→ Exercise data:
^^^^

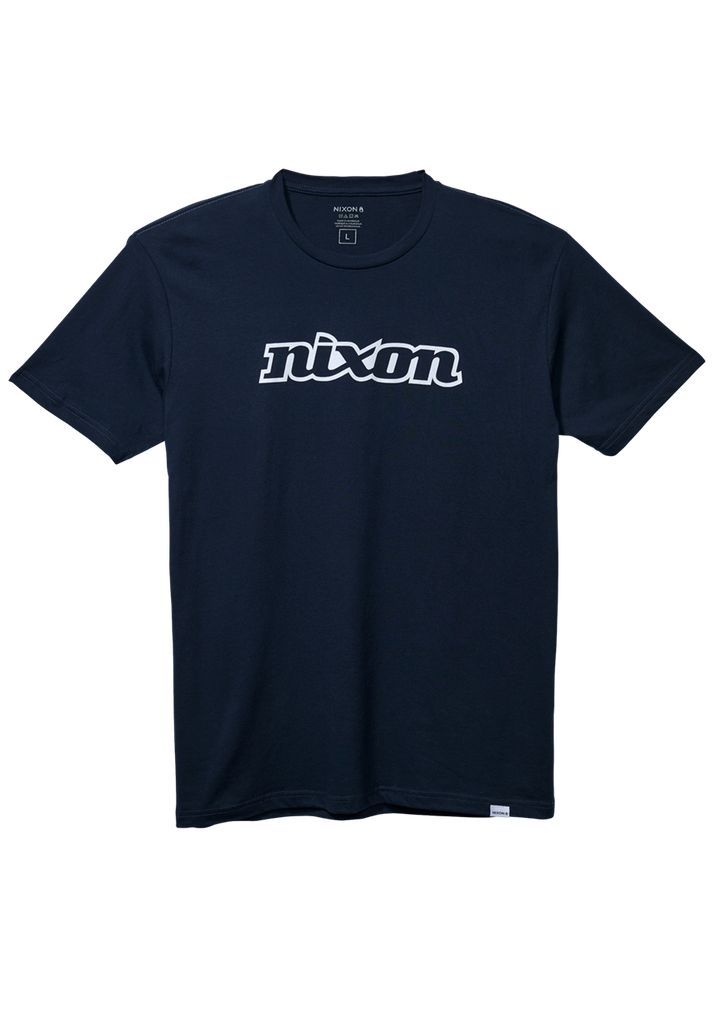 Navy / White Apparel Nixon OG Script Eco-Repreve® T Shirts | 016ESOFTR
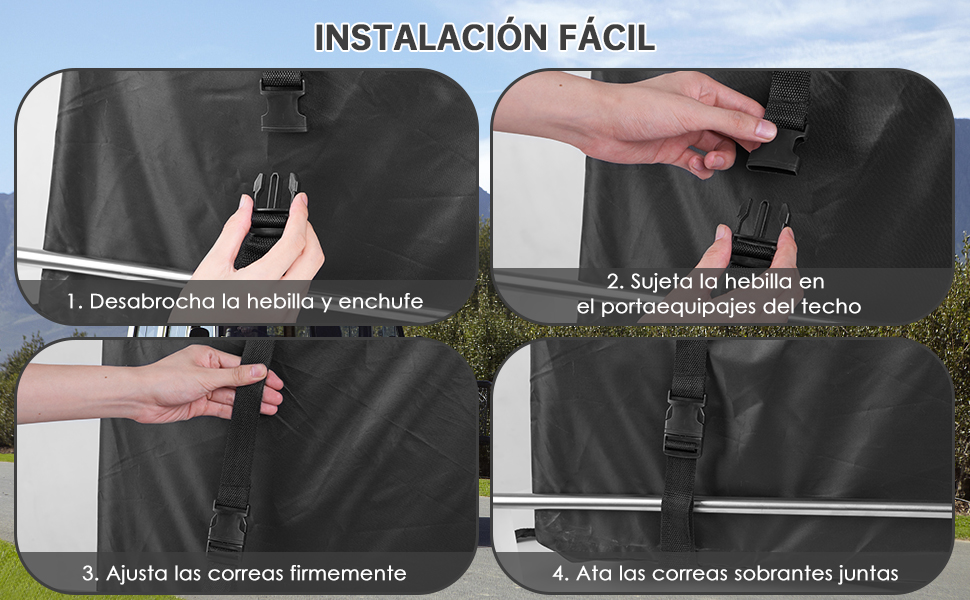 La bolsa de techo es fácil de instalar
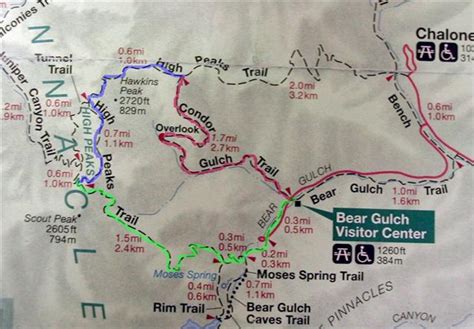 32 Pinnacles National Park Trail Map Maps Database Source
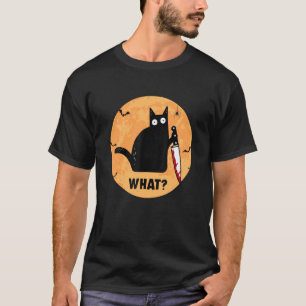 Camiseta Gato negro de Halloween con gato sangriento qué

^^^^

The answer should consist of every line above, exact and free of images.

→ Answer for this exercise:
 Navy / White Apparel Nixon OG Script Eco-Repreve® T Shirts | 016ESOFTR
 La bolsa de techo es fácil de instalar
 32 Pinnacles National Park Trail Map Maps Database Source
 Camiseta Gato negro de Halloween con gato sangriento qué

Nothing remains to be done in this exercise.